Linux is an open source operating system that appeared back in the 1990’s possibly earlier. I’ve been using Linux in one form or another off and on since about 1993. In the early days it was just a command line system much like MS-DOS was around about that time before the days of Windows 3.1… yes computers haven’t always had a graphical user interface!
Back in the 1990’s I used Linux to run my amateur radio packet radio mailbox system a fairly niche application but at the time given the technology available it worked well and it supported all the different protocols I needed. I ran the mailbox until late 2003 and then due to a decline in users on the system coupled with a change to our house layout I closed the system down and more or less forgot about Linux. During my year off work in 2004/2005 I revisited Linux, by this time using Ubuntu with a full graphical user interface. Wow.. this is so much easier to install and use compared to the old systems I had been using.
I had bought an old PC with a small size hard disk fitted and I used it as a bit of an experimental machine, learn by my mistakes. If it went wrong then there was nothing in terms of data I was going to miss. So it was a great work horse to rediscover things on.
When we moved to France I had a big clear out of old PC’s that had been cluttering up the garage, I find it difficult to get rid of old working things! But I managed to rationalise what to keep and what to recycle, removing the hard drives and any memory and then cycling what was left.
Having cut my teeth on my old desktop machine and learnt how to set up Ubuntu I thought time to look at the remainder of the old machines we had. All Windows XP machines, all getting a little old and slower and slower. I picked the worse culprit… a Dell Inspiron 6000 laptop we had bought this machine in early 2005, but by 2009 it had almost become unusable on a daily basis, 20 minute plus boot times and running at a snails pace afterwards. We had both bought small lighter netbooks so the Dell sat in it’s carry case not doing anything.

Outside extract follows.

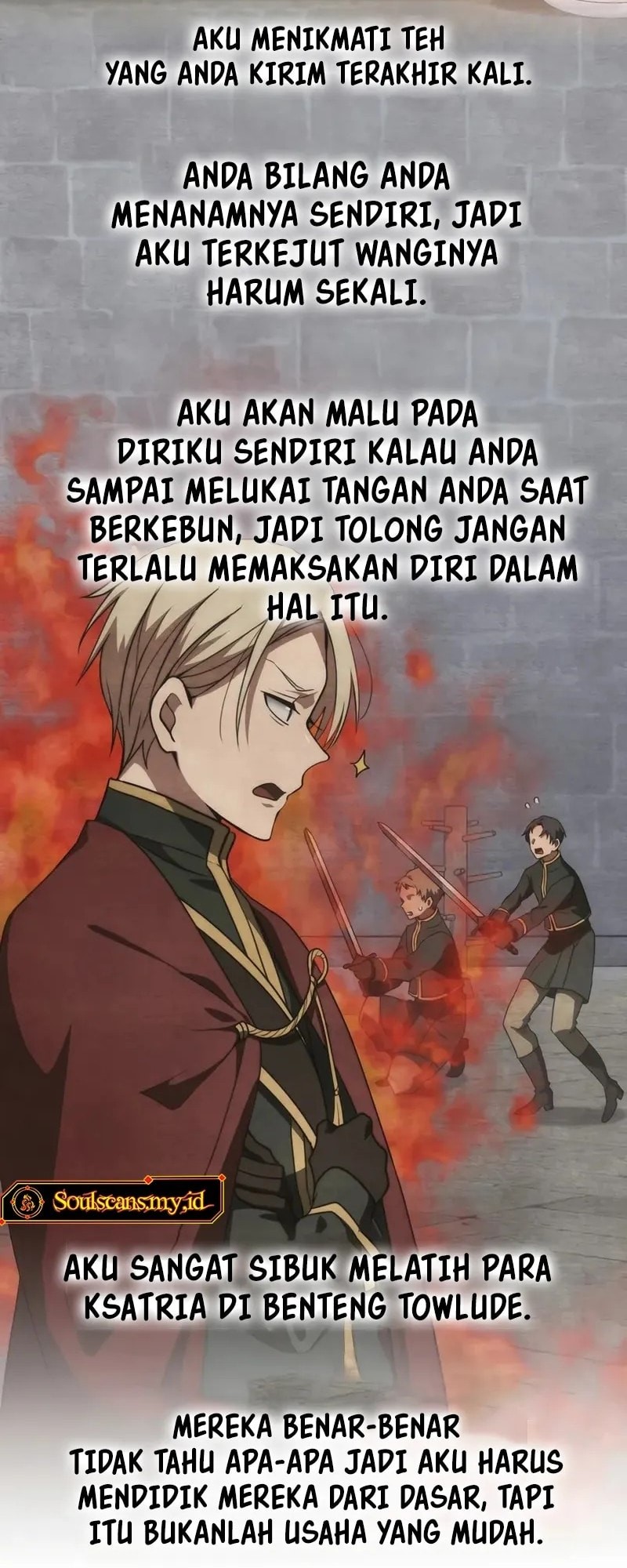 Emperor Of Steel Chapter 51 - halaman 54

I pulled it out and cleared any wanted data off it. Dropped an Ubuntu CD in to the drive and rebooted the machine. Tested it out first Wifi worked, Bluetooth worked, the trackpad and keyboard all worked so I carried on and did a full install of Ubuntu clearing the hard drive completely. The machine was instantly transformed in to a useable machine again. I don’t carry it around alot it tends to sit in our lounge and I use it whilst watching TV, but I use it on our longer trips back to UK, the bigger screen helps when editing documents. As you might expect the battery life isn’t anything to boast about, but the machine all works.
I’ve recently installed Ubuntu on another redundant desktop machine, this one was a bit more powerful, this time I installed it as a dual boot system, retaining XP on the machine and adding Ubuntu. When the machine starts you choose which operating system you want to use and off you go. All of my previous installs have been a complete install over the top of the previous operating system.
So how do you get running with Ubuntu? Well you need a PC obviously, ideally not your main machine, if you are a beginner then anything under 10 years old will be suitable It needs to have at least 5GB of free space on the hard drive if you are going to dual boot the system, 500MB of memory is the minimum recommended specification to run Ubuntu comfortably, more helps of course.
Download the software from the Ubuntu site, it’s free, but you can make a small donation if you wish. You can then create a bootable CD or USB drive The USB memory key needs to be about 4GB in size to work.
Put the CD in or plug in the USB memory key and start up the machine, if it boots in to the existing operating system you might need to start again and go in to the BIOS settings (F10 typically) to make sure that booting from CD or USB is enabled.
Wait a short while for Ubuntu to load and then you will be offered the chance to run Ubuntu or install it.
You will be running it from the CD if you pick the first option, it might be a little slow but it will give you some confidence that the machine is working and all the interfaces are working before you take the big leap and install Ubuntu.
So are there any disadvantages to using Ubuntu? Nothing really I can do most things without any issues, the installation includes things like Thunderbird, Firebox, Libre Office and a loads of other applications. Other applications are easy to install from the software centre. With the Dell I have a reasonable amount of memory installed (2 GB) and a reasonable size hard drive (only 80 GB) but if you have something bigger or more powerful naturally you will benefit. Plugging in my digital camera I was able to download the pictures off of it without needing to add any additional software. I can send emails and browse the web in exactly the same way as any other machine in the house.
The user interface is a little different, but with a few tweaks to the system it becomes second nature and you don’t have to remember or think ‘oh this is Ubuntu, how do I do this’ you just use the machine in much the same way as I do my iMac or a Windows XP machine.
I added some more memory to the desktop machine I recently converted to dual boot and it’s a very handy machine to have along side my iMac I use XP for a few legacy systems which I’m still in the process of getting working on Ubuntu. But the Ubuntu side of the machine is working well and it’s very quick.